EXERCISE DESCRIPTION:
With the line containing "TURGUTLU KAFELER SOKAĞINDA" as the start and the line containing "Camping car Bürstner Ixeo Time 726 G" as the end, transcribe that span of the entries below exactly, including both.

DATA EXTRACTS section start

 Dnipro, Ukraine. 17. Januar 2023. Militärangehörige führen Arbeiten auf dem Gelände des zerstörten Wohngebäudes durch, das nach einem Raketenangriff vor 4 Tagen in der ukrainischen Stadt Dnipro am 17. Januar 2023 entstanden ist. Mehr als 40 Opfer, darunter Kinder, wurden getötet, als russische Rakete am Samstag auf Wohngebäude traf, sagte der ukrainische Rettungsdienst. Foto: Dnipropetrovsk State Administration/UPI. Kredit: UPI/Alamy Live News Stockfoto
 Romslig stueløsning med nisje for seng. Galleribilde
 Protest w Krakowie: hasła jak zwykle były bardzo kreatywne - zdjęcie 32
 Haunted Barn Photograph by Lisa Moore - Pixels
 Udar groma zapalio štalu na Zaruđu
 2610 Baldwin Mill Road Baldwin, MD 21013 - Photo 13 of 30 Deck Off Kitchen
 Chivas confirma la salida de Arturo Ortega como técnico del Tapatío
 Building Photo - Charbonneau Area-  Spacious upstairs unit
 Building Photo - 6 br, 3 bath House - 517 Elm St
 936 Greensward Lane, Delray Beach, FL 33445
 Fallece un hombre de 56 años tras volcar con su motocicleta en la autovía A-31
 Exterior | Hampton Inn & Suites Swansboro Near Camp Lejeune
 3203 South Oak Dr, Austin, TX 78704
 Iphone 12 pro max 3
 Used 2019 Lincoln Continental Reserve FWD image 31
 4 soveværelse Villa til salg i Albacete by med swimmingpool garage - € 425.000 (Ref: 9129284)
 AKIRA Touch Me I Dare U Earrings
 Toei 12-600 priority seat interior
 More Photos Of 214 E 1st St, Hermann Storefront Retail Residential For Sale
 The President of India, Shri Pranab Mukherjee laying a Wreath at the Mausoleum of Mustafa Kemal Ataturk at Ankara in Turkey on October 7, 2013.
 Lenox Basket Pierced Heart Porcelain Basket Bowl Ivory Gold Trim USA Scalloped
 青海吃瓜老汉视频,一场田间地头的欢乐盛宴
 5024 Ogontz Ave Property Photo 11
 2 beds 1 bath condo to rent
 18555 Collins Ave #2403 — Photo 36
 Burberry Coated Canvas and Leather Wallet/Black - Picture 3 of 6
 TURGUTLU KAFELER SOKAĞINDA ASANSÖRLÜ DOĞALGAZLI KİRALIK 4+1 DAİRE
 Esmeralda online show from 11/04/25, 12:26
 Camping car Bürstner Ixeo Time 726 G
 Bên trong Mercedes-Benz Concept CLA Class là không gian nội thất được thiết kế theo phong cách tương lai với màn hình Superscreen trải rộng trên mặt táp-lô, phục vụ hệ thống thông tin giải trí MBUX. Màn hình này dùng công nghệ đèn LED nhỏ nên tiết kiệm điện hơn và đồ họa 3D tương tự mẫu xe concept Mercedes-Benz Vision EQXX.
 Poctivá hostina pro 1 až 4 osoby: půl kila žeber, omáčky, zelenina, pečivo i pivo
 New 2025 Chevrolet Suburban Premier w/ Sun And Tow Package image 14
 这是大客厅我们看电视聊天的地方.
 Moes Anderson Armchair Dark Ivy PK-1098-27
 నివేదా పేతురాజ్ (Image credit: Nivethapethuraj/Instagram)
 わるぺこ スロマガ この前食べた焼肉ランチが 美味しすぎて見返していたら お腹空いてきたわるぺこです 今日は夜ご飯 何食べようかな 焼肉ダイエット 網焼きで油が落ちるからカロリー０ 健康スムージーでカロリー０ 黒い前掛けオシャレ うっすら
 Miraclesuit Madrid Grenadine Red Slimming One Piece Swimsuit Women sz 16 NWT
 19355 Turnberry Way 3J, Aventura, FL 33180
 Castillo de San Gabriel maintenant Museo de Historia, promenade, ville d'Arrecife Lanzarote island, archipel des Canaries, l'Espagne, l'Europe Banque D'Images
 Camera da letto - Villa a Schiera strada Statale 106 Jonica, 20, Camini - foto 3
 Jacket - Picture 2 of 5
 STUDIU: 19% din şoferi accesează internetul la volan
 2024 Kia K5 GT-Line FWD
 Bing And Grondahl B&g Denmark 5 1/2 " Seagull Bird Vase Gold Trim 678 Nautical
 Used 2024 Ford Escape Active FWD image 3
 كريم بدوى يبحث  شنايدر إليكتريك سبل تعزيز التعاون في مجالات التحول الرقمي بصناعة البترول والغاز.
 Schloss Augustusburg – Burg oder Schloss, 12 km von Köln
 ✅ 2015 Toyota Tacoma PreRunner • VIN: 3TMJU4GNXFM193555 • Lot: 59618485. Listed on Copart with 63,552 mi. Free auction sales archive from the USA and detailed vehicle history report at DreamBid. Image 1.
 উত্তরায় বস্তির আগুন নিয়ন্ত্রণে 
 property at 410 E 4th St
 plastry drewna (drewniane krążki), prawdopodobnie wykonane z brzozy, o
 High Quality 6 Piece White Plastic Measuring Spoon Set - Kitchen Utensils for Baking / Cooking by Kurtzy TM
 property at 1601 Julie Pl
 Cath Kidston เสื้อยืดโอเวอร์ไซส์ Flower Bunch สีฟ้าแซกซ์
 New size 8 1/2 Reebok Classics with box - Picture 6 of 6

DATA EXTRACTS section end

TASK RESULT:
 TURGUTLU KAFELER SOKAĞINDA ASANSÖRLÜ DOĞALGAZLI KİRALIK 4+1 DAİRE
 Esmeralda online show from 11/04/25, 12:26
 Camping car Bürstner Ixeo Time 726 G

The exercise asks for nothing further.